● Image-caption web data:
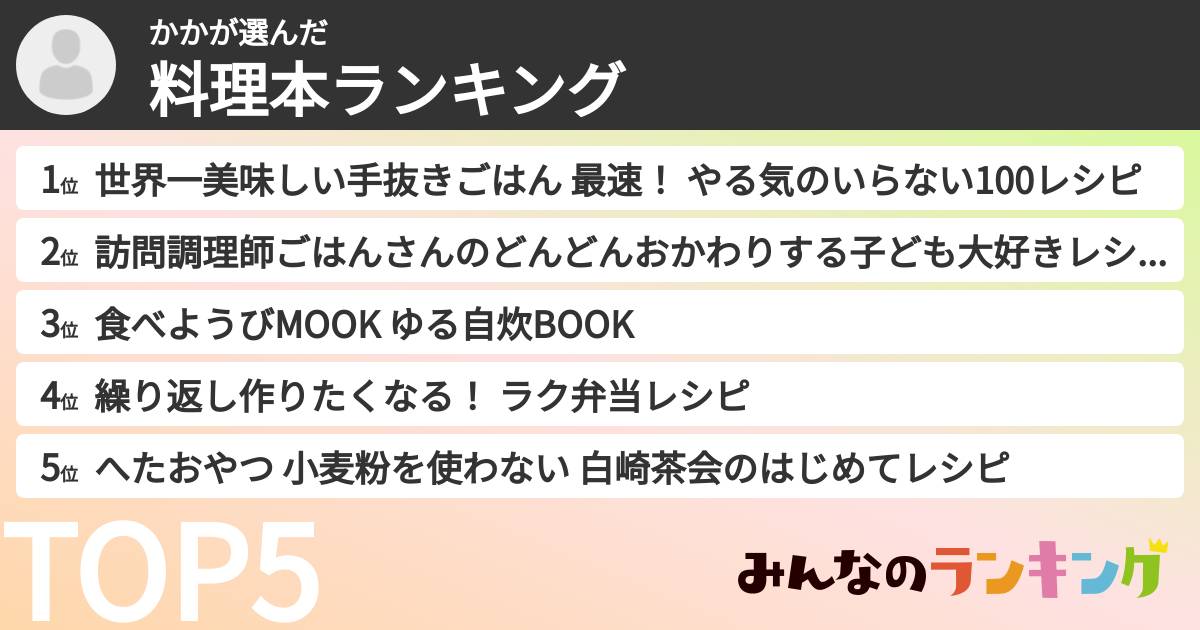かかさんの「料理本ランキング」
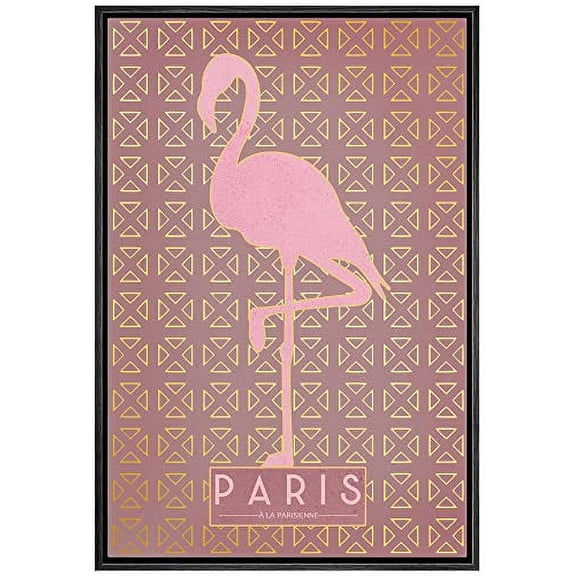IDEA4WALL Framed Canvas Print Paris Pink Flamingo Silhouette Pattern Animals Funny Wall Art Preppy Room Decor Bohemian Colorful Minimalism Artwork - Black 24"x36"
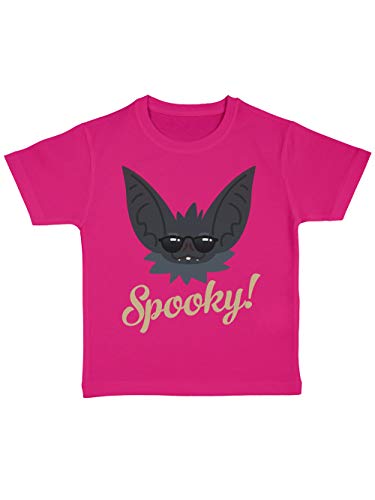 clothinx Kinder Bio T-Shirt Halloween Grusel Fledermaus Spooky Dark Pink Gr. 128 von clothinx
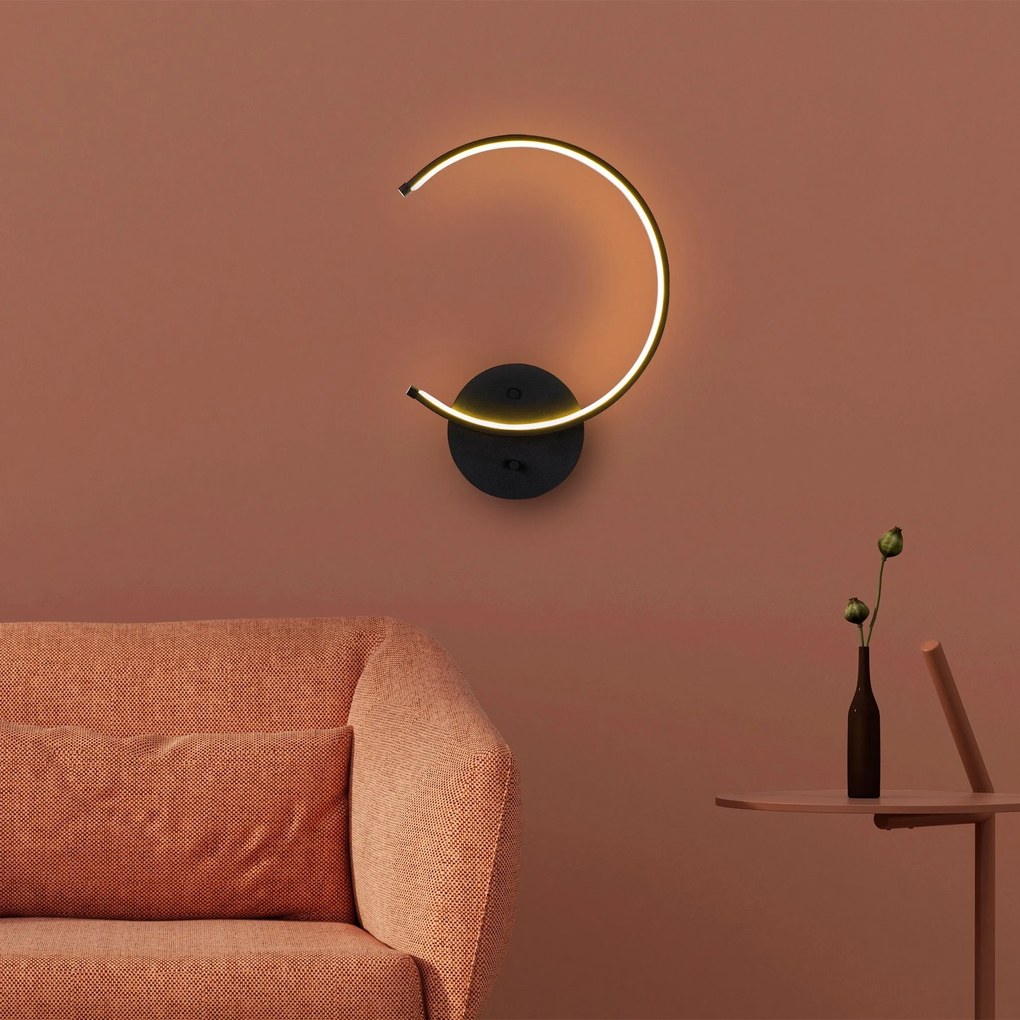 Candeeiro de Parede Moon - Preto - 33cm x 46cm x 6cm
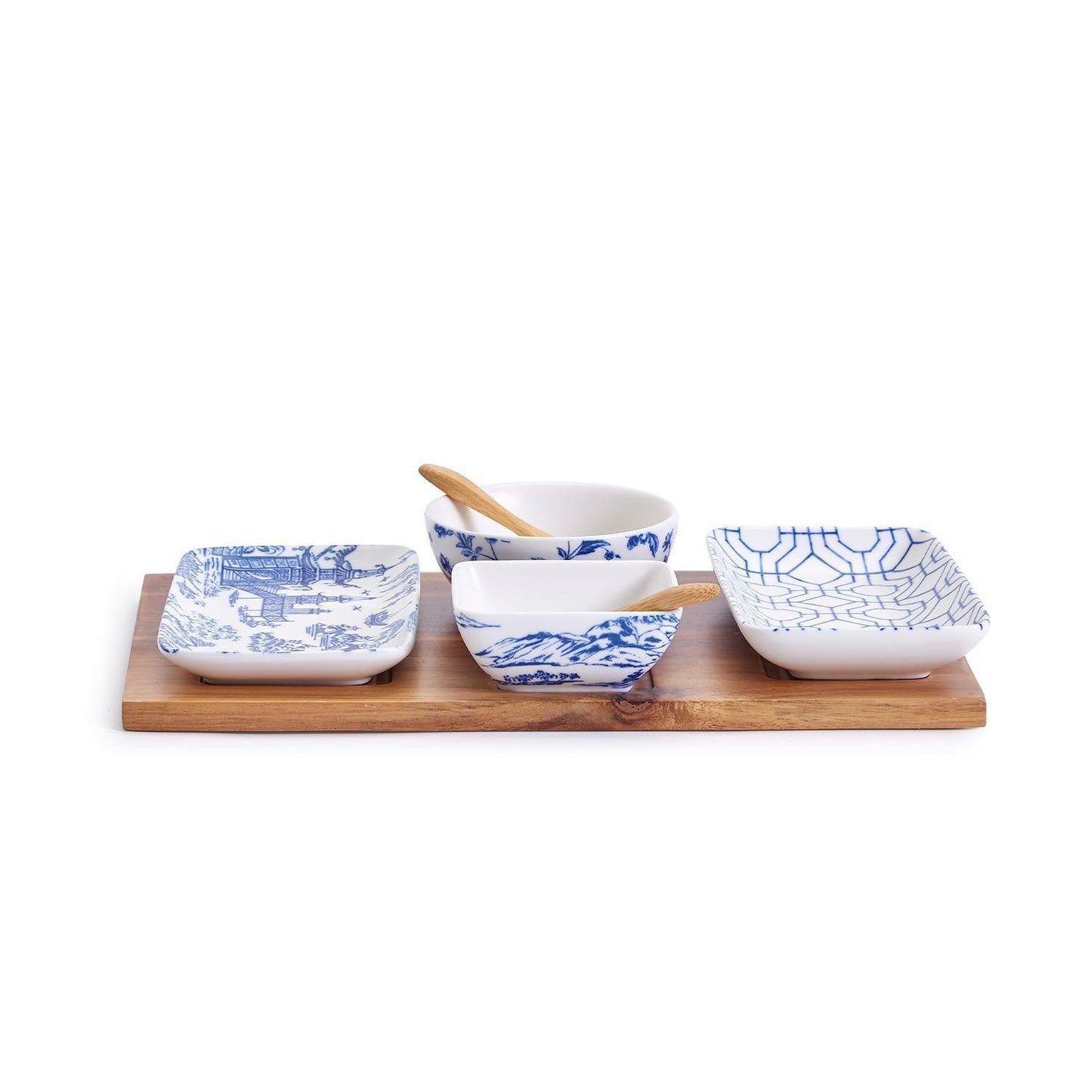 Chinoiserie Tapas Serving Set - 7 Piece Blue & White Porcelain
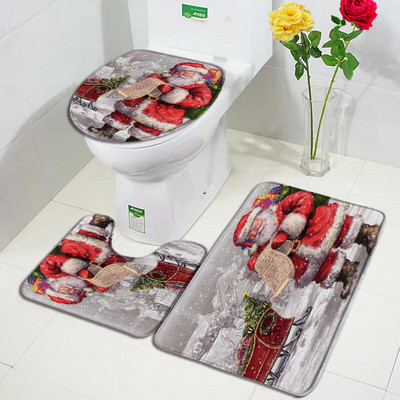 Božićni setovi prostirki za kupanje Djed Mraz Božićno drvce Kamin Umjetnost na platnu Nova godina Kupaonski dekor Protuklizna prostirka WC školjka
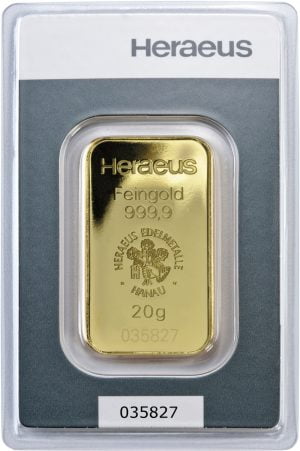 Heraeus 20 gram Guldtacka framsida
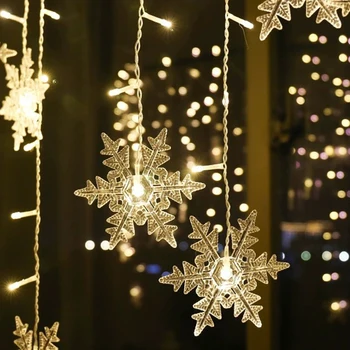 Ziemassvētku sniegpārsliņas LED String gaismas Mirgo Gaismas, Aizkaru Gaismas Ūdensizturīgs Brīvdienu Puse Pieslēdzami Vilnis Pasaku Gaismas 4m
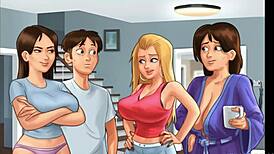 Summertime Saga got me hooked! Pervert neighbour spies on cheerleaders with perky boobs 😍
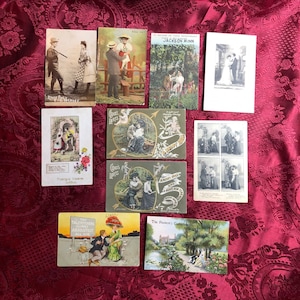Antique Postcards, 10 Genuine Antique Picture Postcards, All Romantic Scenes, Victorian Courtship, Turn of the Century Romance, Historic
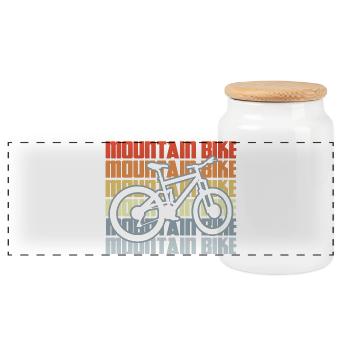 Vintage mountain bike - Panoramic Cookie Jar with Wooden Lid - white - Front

● WHAT THIS TASK INVOLVES:
Only the lines from the one containing "Summertime Saga got" through the last line of the entries belong in the answer, given again exactly. Images stay out.

● OUTPUT FOR THIS TASK:
 Summertime Saga got me hooked! Pervert neighbour spies on cheerleaders with perky boobs 😍
Antique Postcards, 10 Genuine Antique Picture Postcards, All Romantic Scenes, Victorian Courtship, Turn of the Century Romance, Historic
 Vintage mountain bike - Panoramic Cookie Jar with Wooden Lid - white - Front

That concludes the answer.